Изменить стиль страницы

Я запрокинул голову и посмотрел наверх. За темными стеклами поста управления двигались какие-то неясные тени, прыгали солнечные блики. Защитные фильтры ионизации были подняты, но рассмотреть все равно ничего невозможно. Обернулся. Влад Стив и Юли бредут вдоль каменной стены, укрываясь от палящего солнца в узкой полосе тени. Стив смотрит себе под ноги и выглядит еще более хмурым и сосредоточенным, чем вчера. Тяжелые шаги его подминают пыльную выгоревшую траву на обочине дорожки. Юли идет рядом, стараясь не отставать от него ни на шаг. Время от времени она безучастно озирается по сторонам. Было видно, что жара действует на нее угнетающе. Она взглянула на меня, и на губах ее появилось некое подобие улыбки, но тут же исчезло.

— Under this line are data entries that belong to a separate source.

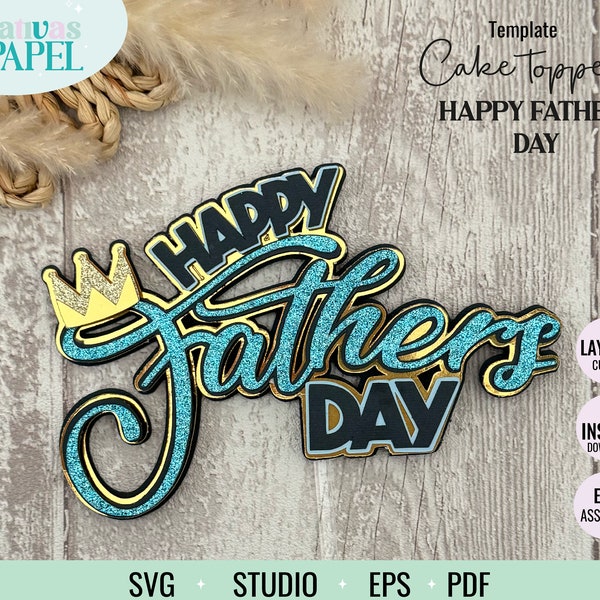 Happy Fathers Day Cake Topper - Etsy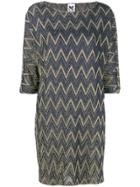 Missoni Metallic Sheen Shift Dress - Blue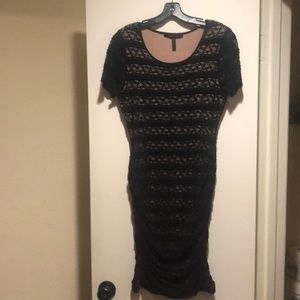 BCBG black lace cocktail dress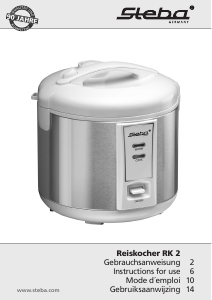 Manual Steba RK 2 Rice Cooker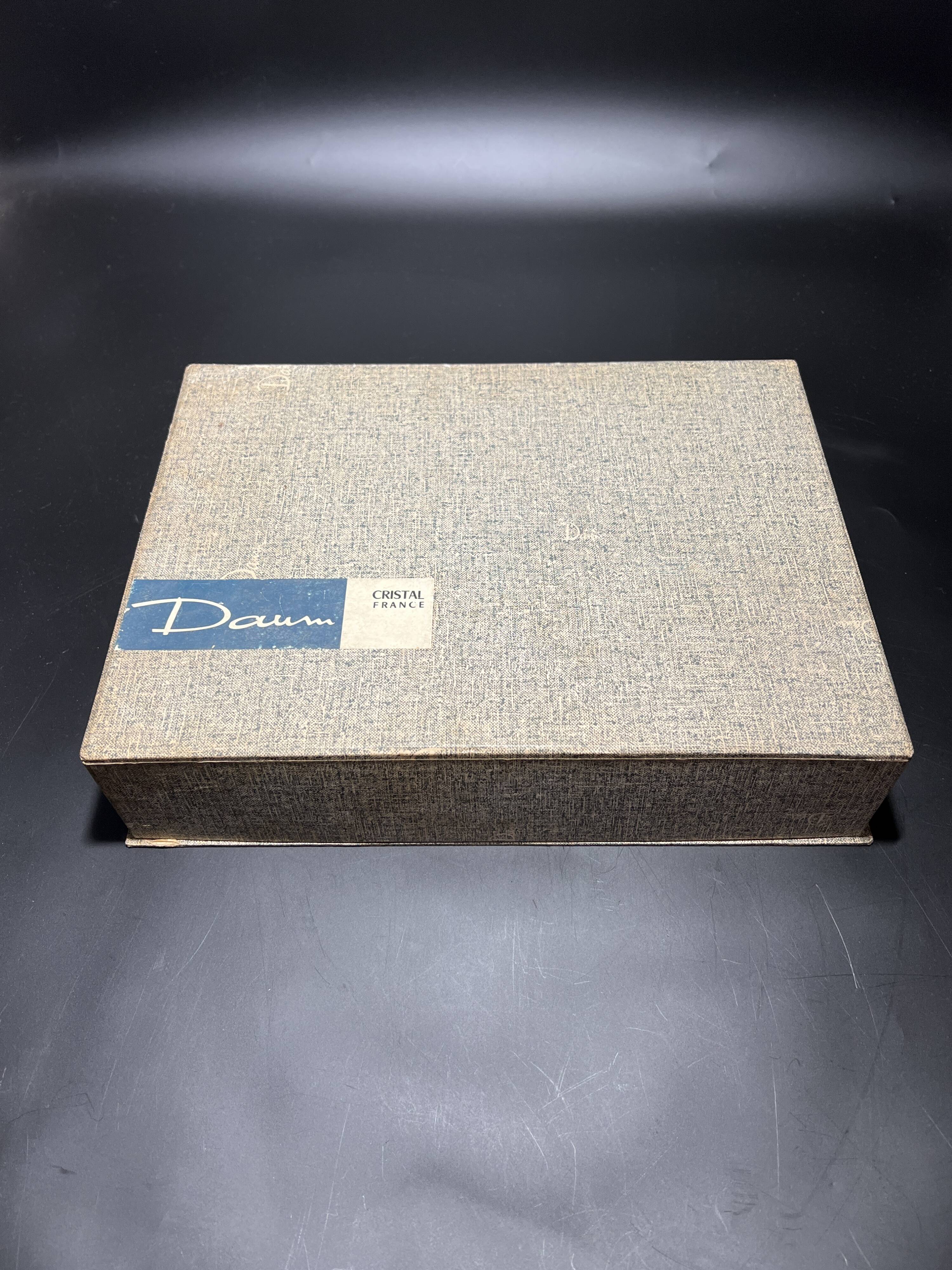 Box of eight cocktail glasses from the Daum brand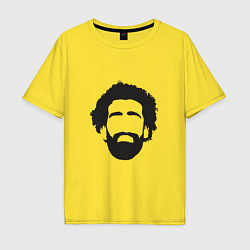Футболка оверсайз мужская Salah - Face, цвет: желтый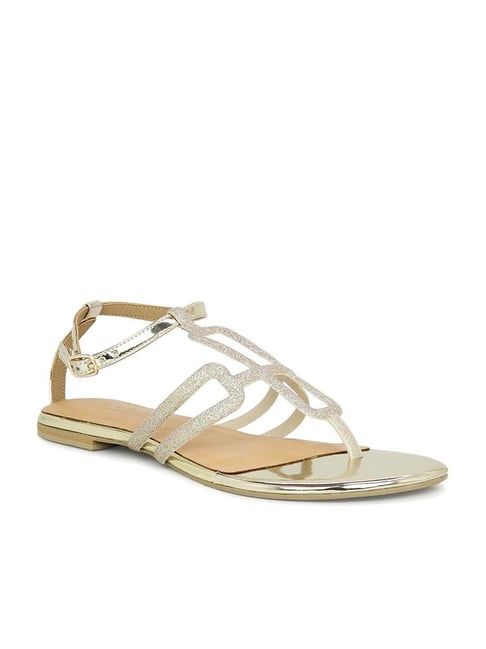 Inc.5 Women's Golden Ankle Strap Sandals Price in India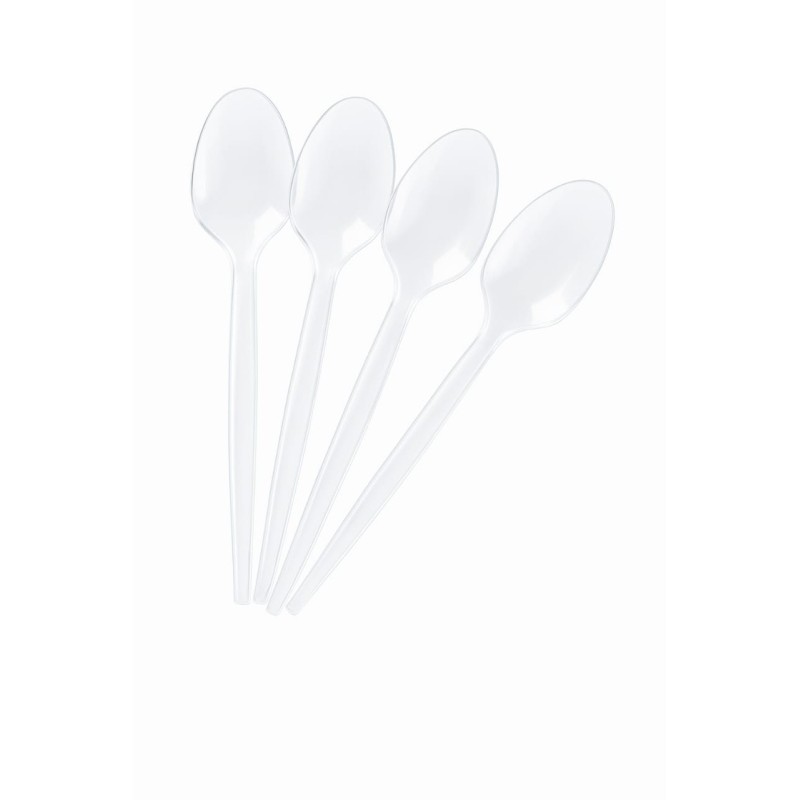 Cucharas de postre cristal (x 100 unidades)
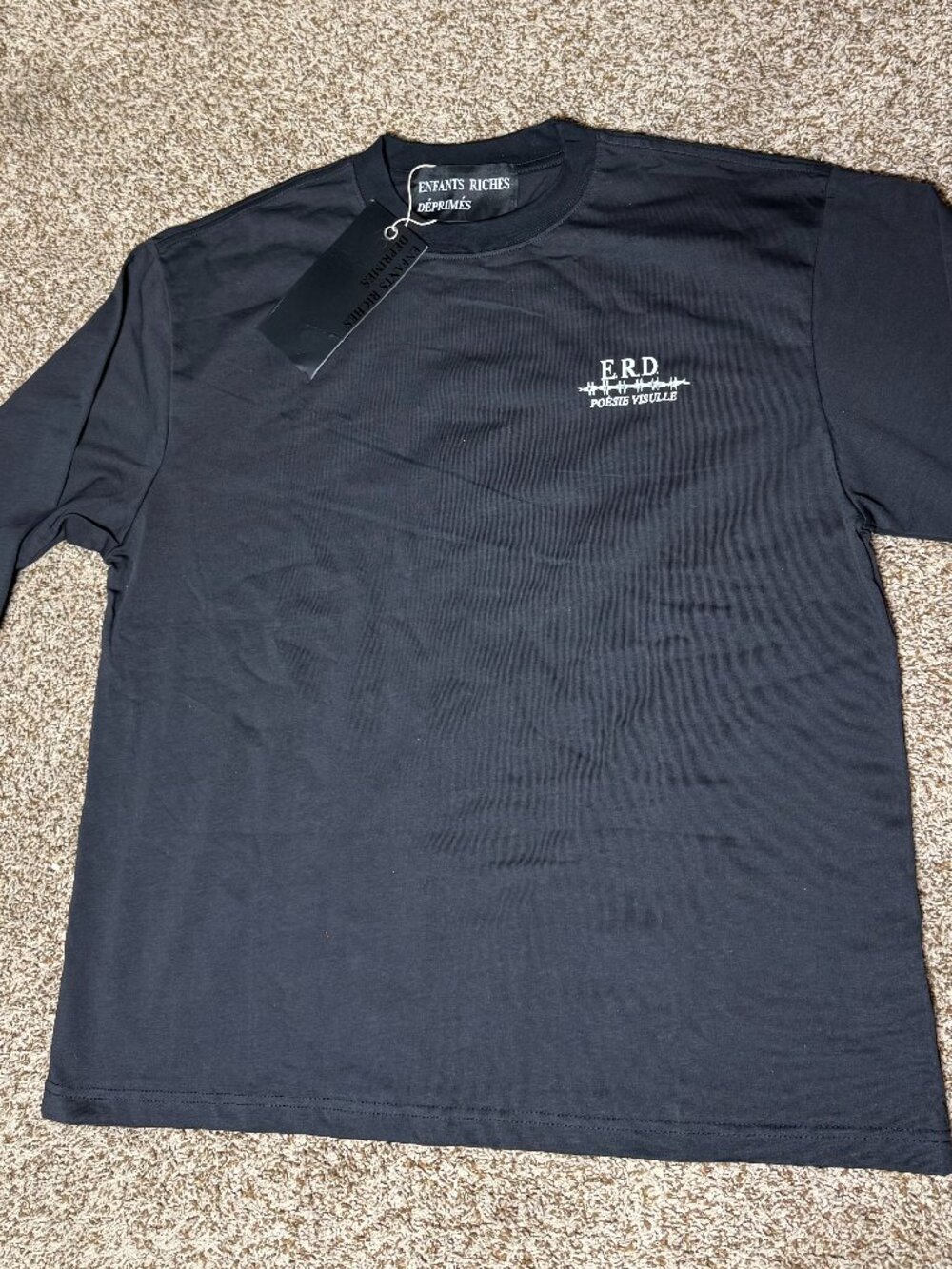 ERD SS17 Wasted Tears Longsleeve Black NWT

Я подался всем телом вперед, и инстинктивно выпрямился, потому, что раскалившаяся на солнце рубаха обожгла мне спину. Влад Стив остановился, вытер платком вспотевшее лицо. Щурясь на солнце, посмотрел на ракетоплан. Я протянул Юли руку, помогая перепрыгнуть узкий желоб, по которому стекала зеленоватая вода. Ладонь у нее была сухой и горячей. Юли убрала за ухо упавшую на лицо прядь волос, быстро посмотрела мне в глаза, и тут же потупила взор, отвернулась в сторону. Крохотные бисеринки пота поблескивали на ее лбу. С самого утра мы не обмолвились и десятком слов. Не сговариваясь, и я, и Стив, и Юли избегали говорить о предстоящем расставании. Но сейчас мне стало невыносимо от этого тягостного молчания. Стараясь заглушить в себе желание заговорить хоть о чем-нибудь, я глубоко вдохнул воздух, и едва не задохнулся, — сухой жар обжег мне легкие и горло. Откашлявшись, я снова посмотрел на Юли, и опять прочел в ее глазах смущение, словно ей было стыдно за то, что она поехала со мной на Ракетодром, за то, что была со мной рядом вчера, все эти дни, была всегда, за свою любовь и преданность.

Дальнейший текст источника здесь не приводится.